Union demonstration in La Defense, Paris. Eric Piermont/ AFP

In the context of the upcoming French presidential elections in 2022, what has been the impact of Emmanuel Macron’s controversial labour reforms introduced in 2017?

A 2021 report by France Stratégie evaluating Macron’s 2017 labour reforms concludes that after four years, the implementation of measures to reform social dialogue and employee representation have been effective overall. Our study of seven large companies contributed to the report’s analysis, concluding that the ambition to strengthen social dialogue is yet to be realised.

In-depth study

In 2017, unions contested the reforms, pushed through by decree, viewing them as part of a pro-business agenda to weaken the role of unions and employee representation. Part of the wide-ranging reforms aimed to strengthen social dialogue by simplifying the structures of employee representation.

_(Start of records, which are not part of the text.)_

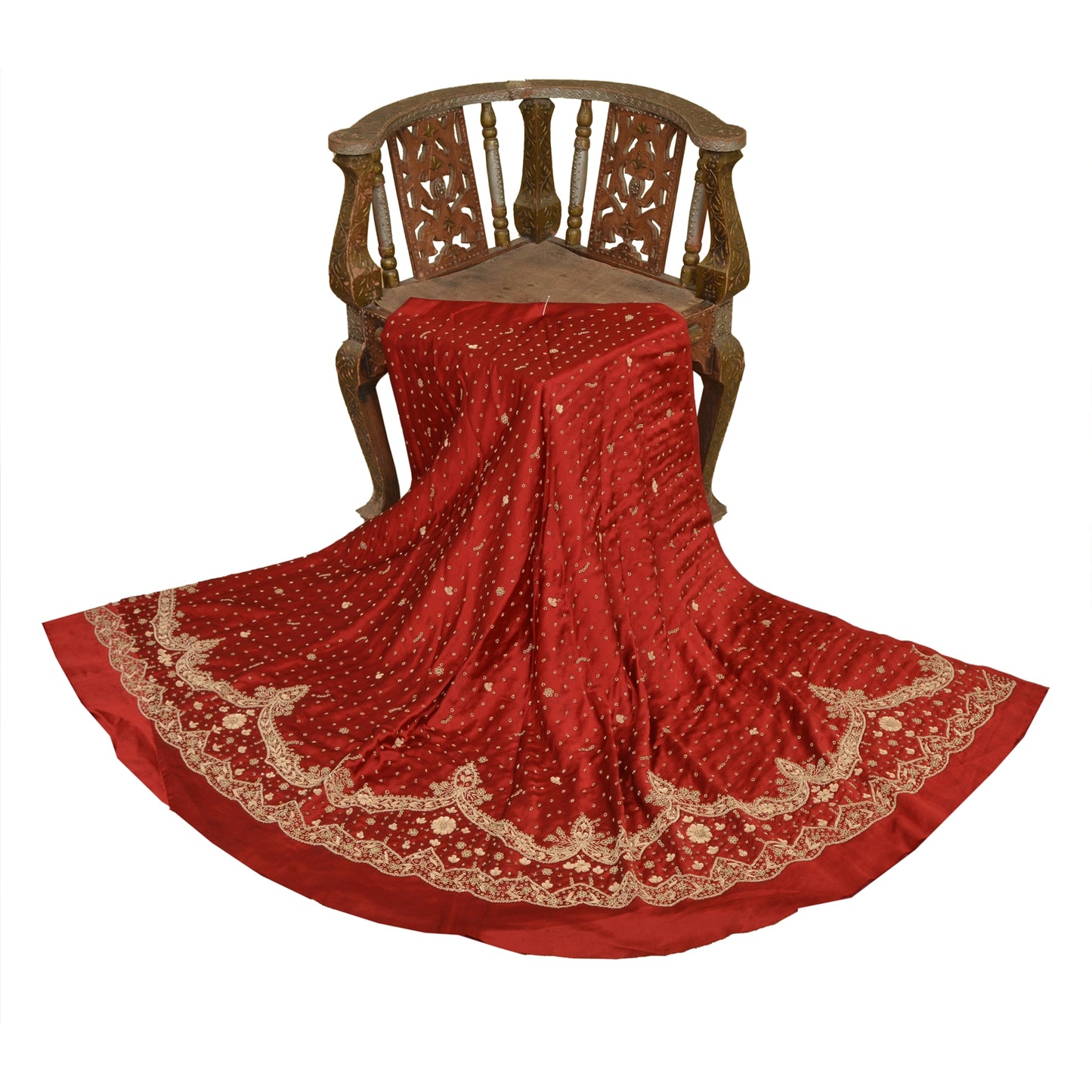 Sanskriti Vintage Red Long Unstitched Lehenga Pure Satin Hand Embroidery Zardozi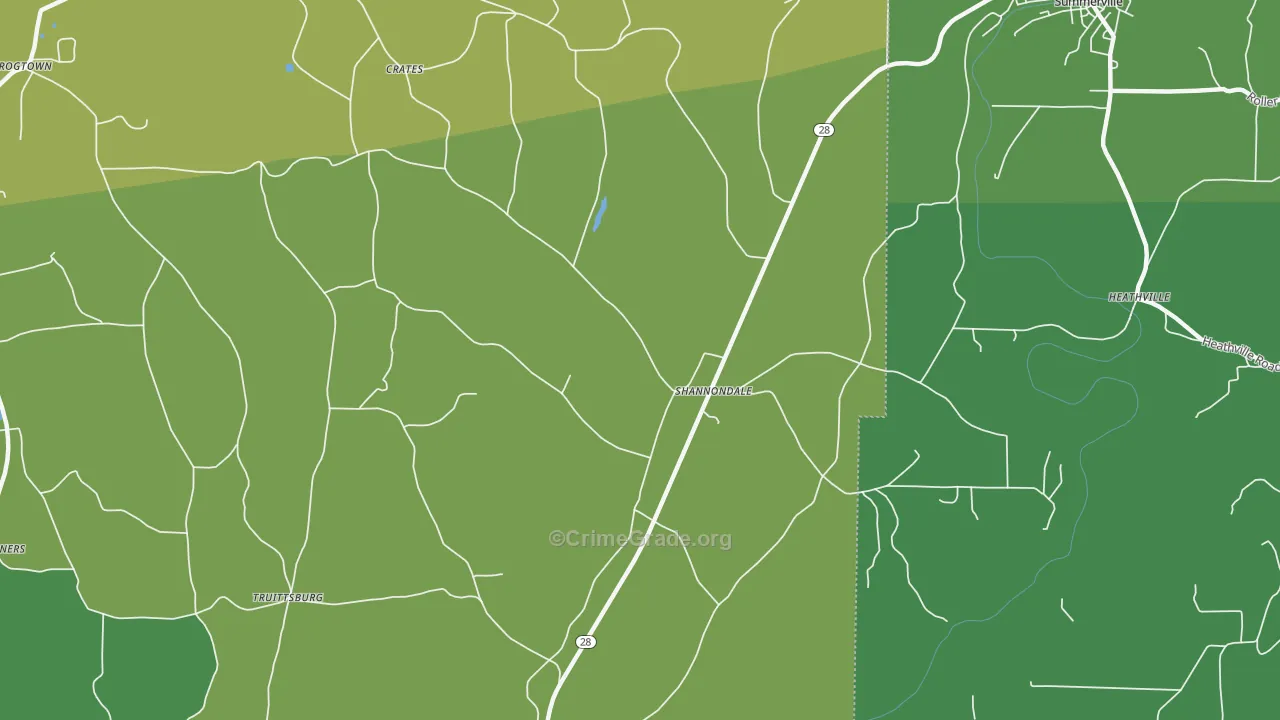 Shannondale, PA Map of Theft Rates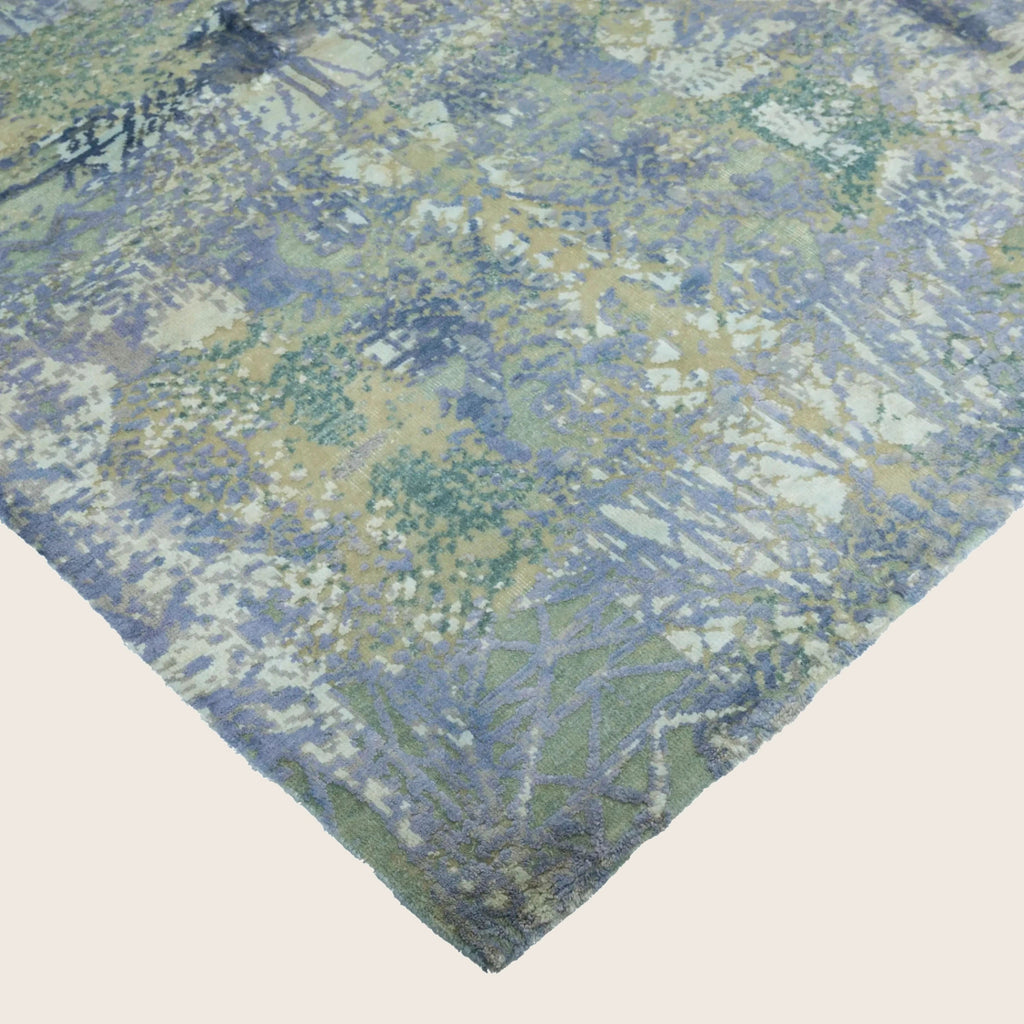 Blaugrüner Übergangs-Indo Ikat Teppich aus Wolle und Kunstseide - 8' x 10'2'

The reforms required French companies to set up a new employee representative body, the Comité social et économique (social and economic committee, CSE) for firms with over 11 employees by December 2019. This new body merged three separate bodies, délégués du personnel (employee delegates, DP), comité d'entreprise (works council, CE) and the comité d'hygiène, de santé et des conditions de travail (health, safety and working conditions committee, CHSCT). Prior to the reforms, each of these bodies had a high degree of autonomy and access to institutional resources, in the form of time off for representative duties, budgets and regular meetings with management.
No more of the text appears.